"Regularized Wishart Autoregressive Stochastic Volatility"
(with Guilherme Valle Moura and Julian Spies)
We develop extensions of Uhlig's (1994) Wishart stochastic volatility (WSV) approach to model high-dimensional financial return series with time varying volatility and correlations. The WSV is a state-space model in which the multiplicative autoregressive evolution of the latent precision matrix is driven by a multivariate beta matrix variate. The resulting predictions of the covariance matrix are weighted moving averages with the classical exponential forgetting scheme that discounts information in past returns uniformly over time and across the space of the return vector. Our proposed extension of the WSV regularizes this forgetting scheme by shrinking the covariance matrix predictions toward a pre-specified prior target matrix.

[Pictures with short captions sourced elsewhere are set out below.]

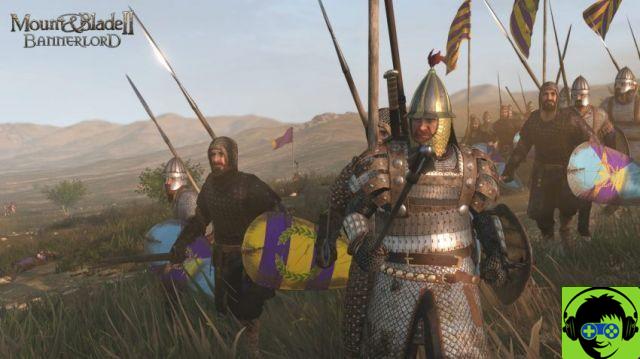 Come disabilitare Mount e Blade II: schermata del titolo di avvio di Bannerload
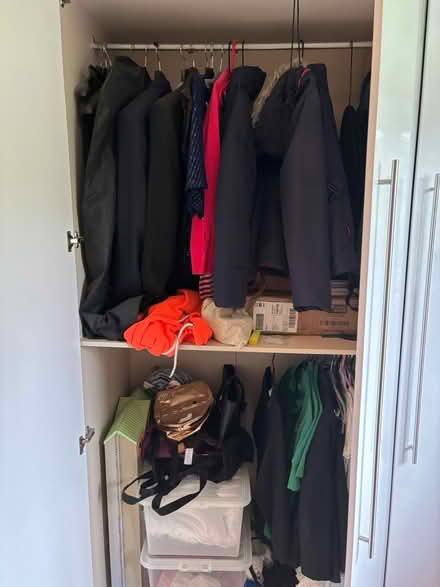 Photo of free 3 door tall gloss white wardrobe (Boreham Street) #3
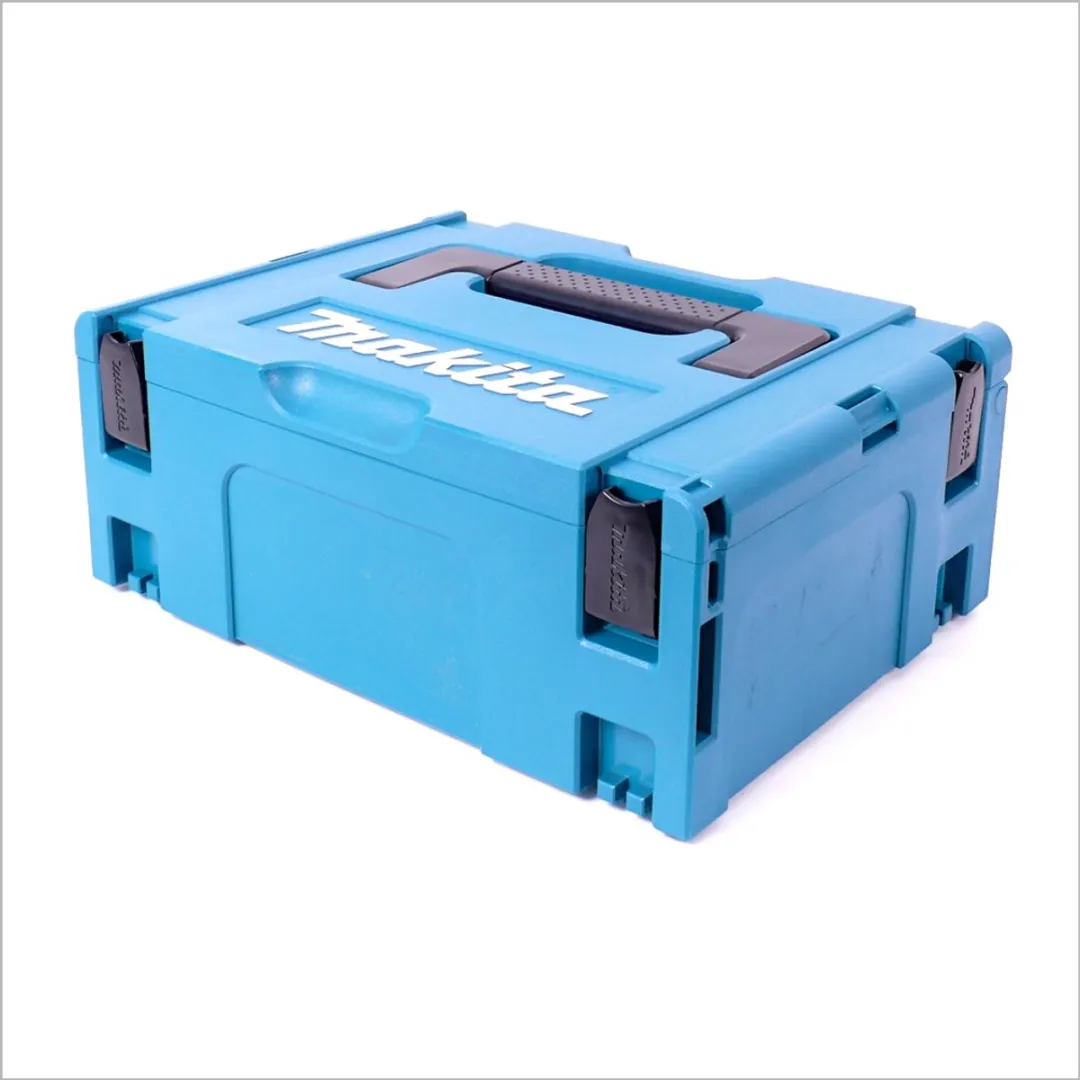 Makita MAKPAC Set 3 Stuks - Transport- & Gereedschapskist - Turquoise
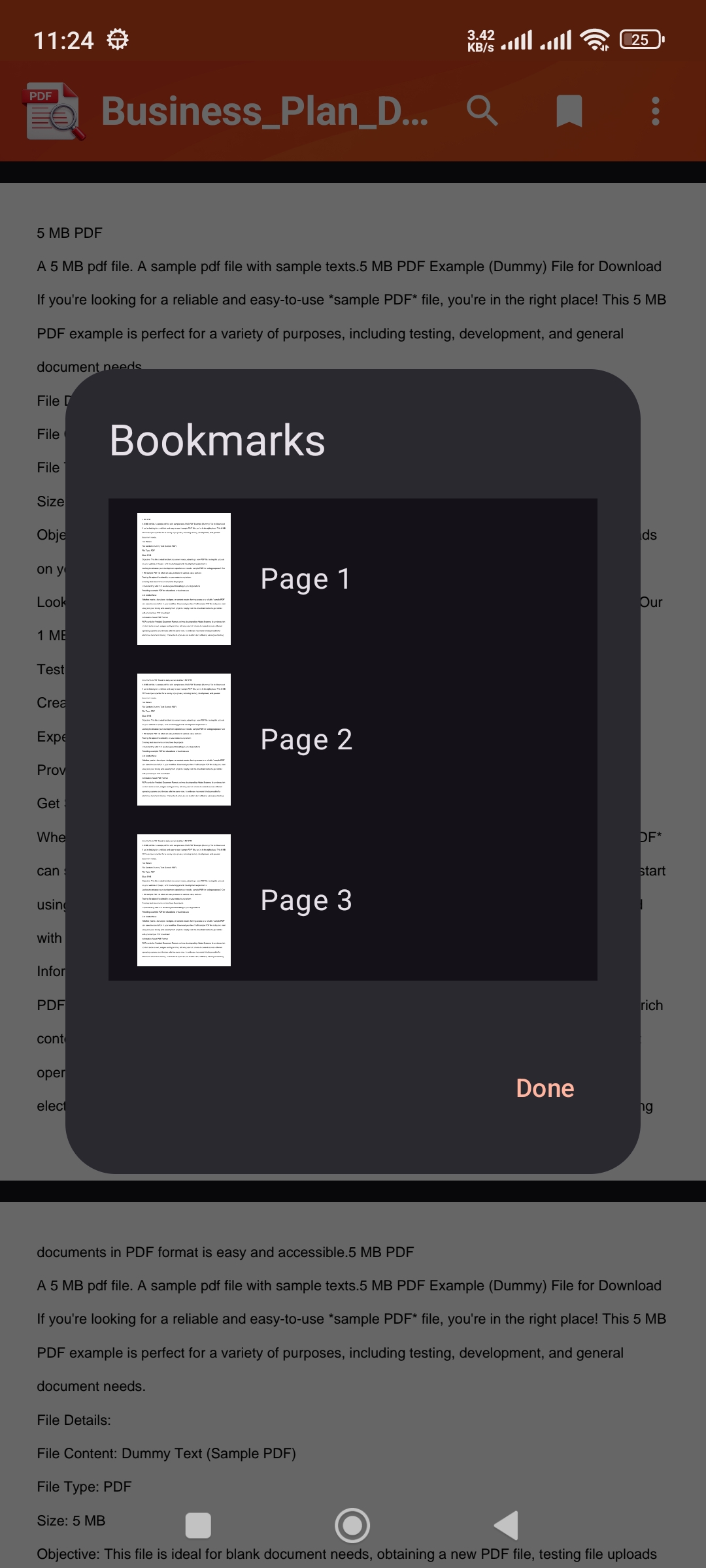 PDF Viewer Android app screenshot 7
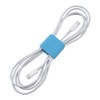 BlueLounge CableClips, Cable Management System (Medium, Dark Blue/Light Blue)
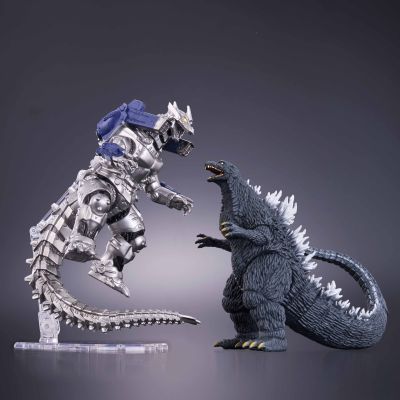 哥斯拉商店限定 电影怪兽系列 跃动 黑龙工房合作款 哥斯拉（2002）X 三式机龙（2002）特别套装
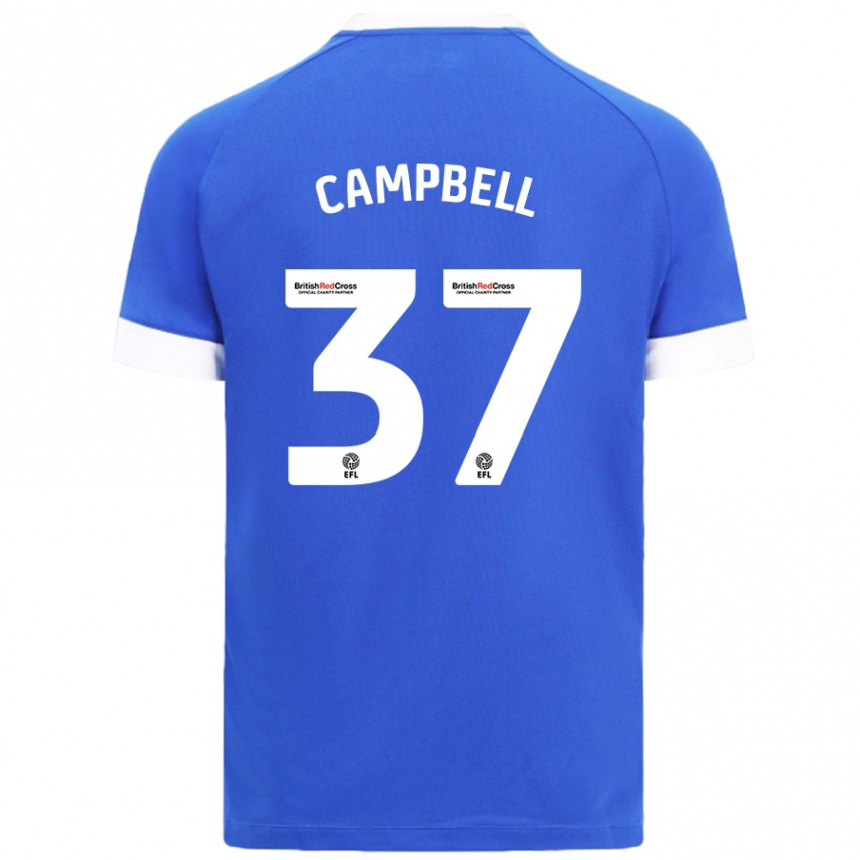 Vaikiškas Vontae Daley-Campbell #37 Dangaus Mėlyna Namų Marškinėliai 2024/25 T-Shirt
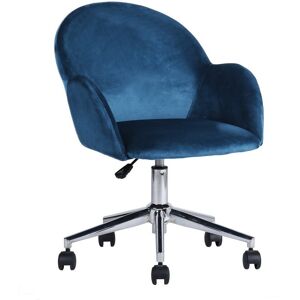 Calicosy Chaise de Bureau a Roulettes avec Accoudoirs - CHIOZZA - Bleu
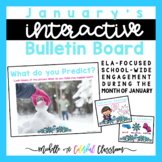 Interactive Bulletin Boards - January Literacy Posters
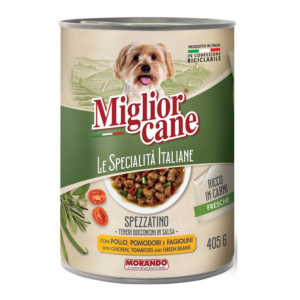 BOCCONCINI DI POLLO POMODORI & FAGIOLI MIGLIORCANE GR. 405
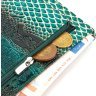 Лакований жіночий гаманець із натуральної шкіри зеленого кольору з тисненням під рептилію CANPELLINI (2421824) - 5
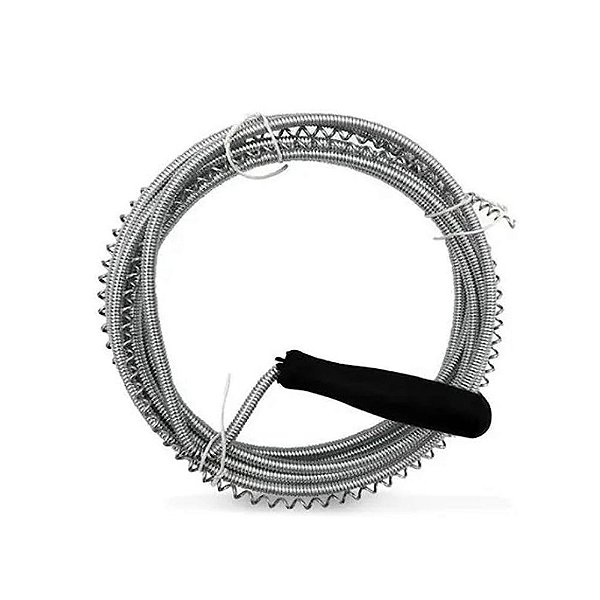 Desentupidor Tubulação Manual Flexível Aço Cano Ralo 3M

This regularization restricts the variation of the latent covariance matrix of the WSV and keep it away from zero, thereby ensuring the stationarity of returns and stabilizing the eigenvalues of the predictions for the covariance matrix. Furthermore, we combine this regularized forgetting with a time varying and directional forgetting scheme to achieve robustness to sudden changes in the correlation structure triggered by transitions from one market regime to another. Our proposed regularized WSV approach maintains closed-form sequential updating formulas for filtering, prediction and likelihood evaluation facilitating practical implementation for very high-dimensional empirical applications. The performance of our approach is evaluated using a historical dataset of daily returns on up to 1000 US stocks. We consider performance along several dimensions: the ability to predict the conditional covariance matrix and the probability density function of future returns, and to forecast the weights of the global minimum variance portfolio. The results show that our regularized WSV approach performs well compared to several existing alternative models.